--- Problem details ---
Could you write out exactly, and only, the lines from the one containing "San Diego Padres" through the last line of the data, leaving out all pictures?

[Records from a collection]
* * *
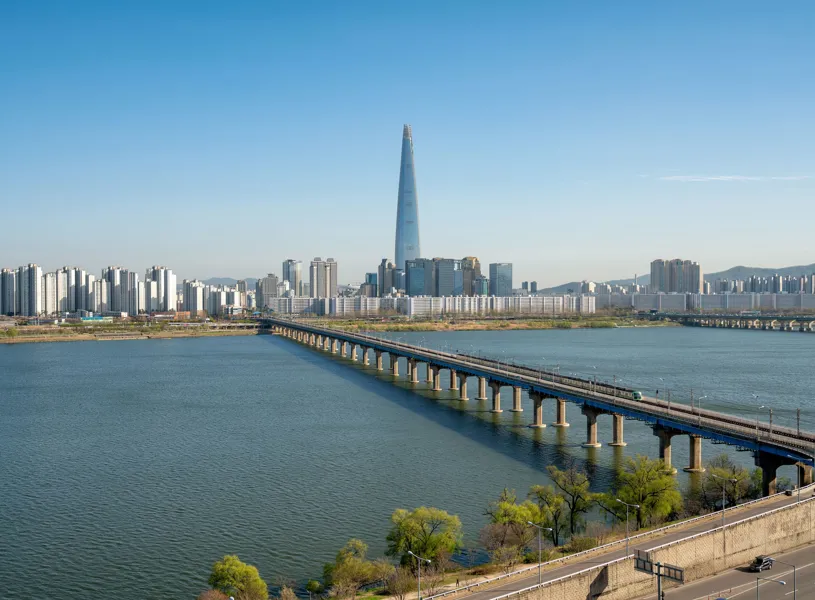 Aerial view of Seoul city at Han river bridge, Seoul, South Korea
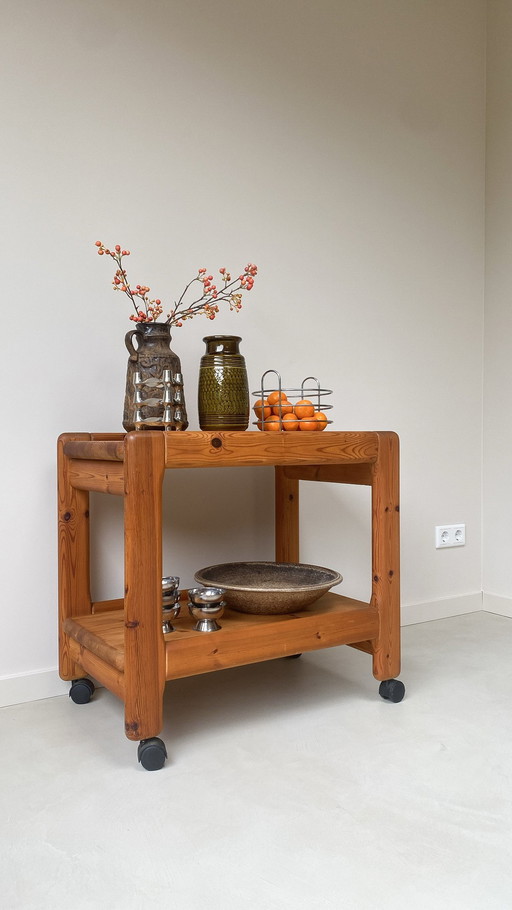 Vintage pine wooden trolley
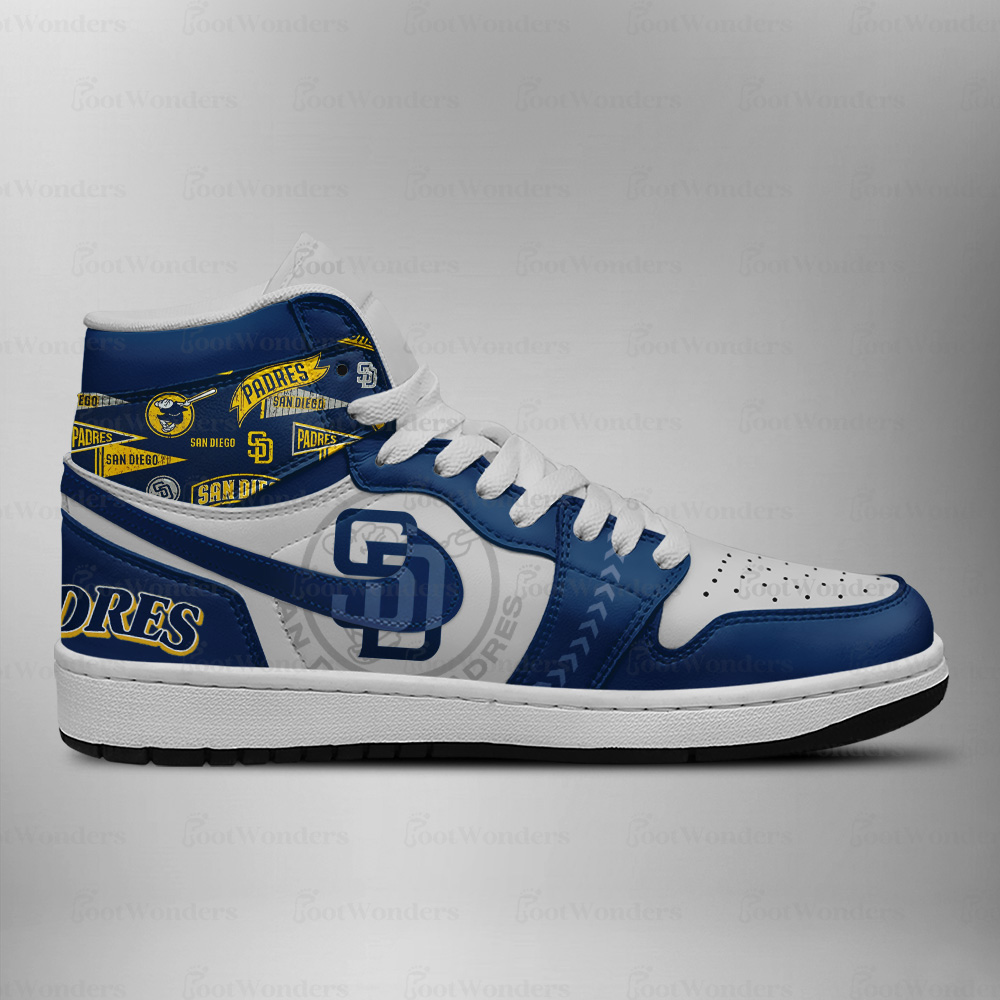 San Diego Padres MLB AJ1 High Top Shoes - Image 3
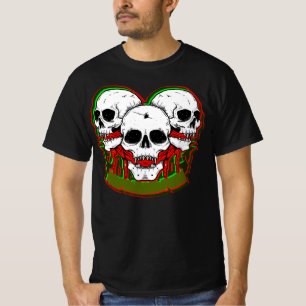 Halloween Skulls White Red Green With Red Rags T-Shirt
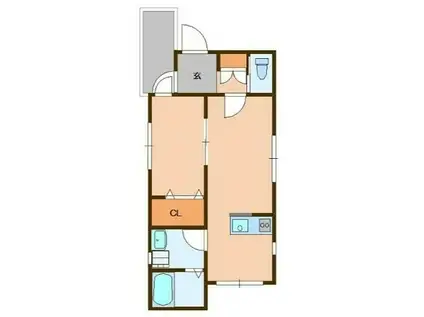 東急大井町線 緑が丘駅(東京) 徒歩1分 3階建 築5年(1LDK/3階)の間取り写真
* * *
--- Solved problem ---
 San Diego Padres MLB AJ1 High Top Shoes - Image 3
 Halloween Skulls White Red Green With Red Rags T-Shirt
 東急大井町線 緑が丘駅(東京) 徒歩1分 3階建 築5年(1LDK/3階)の間取り写真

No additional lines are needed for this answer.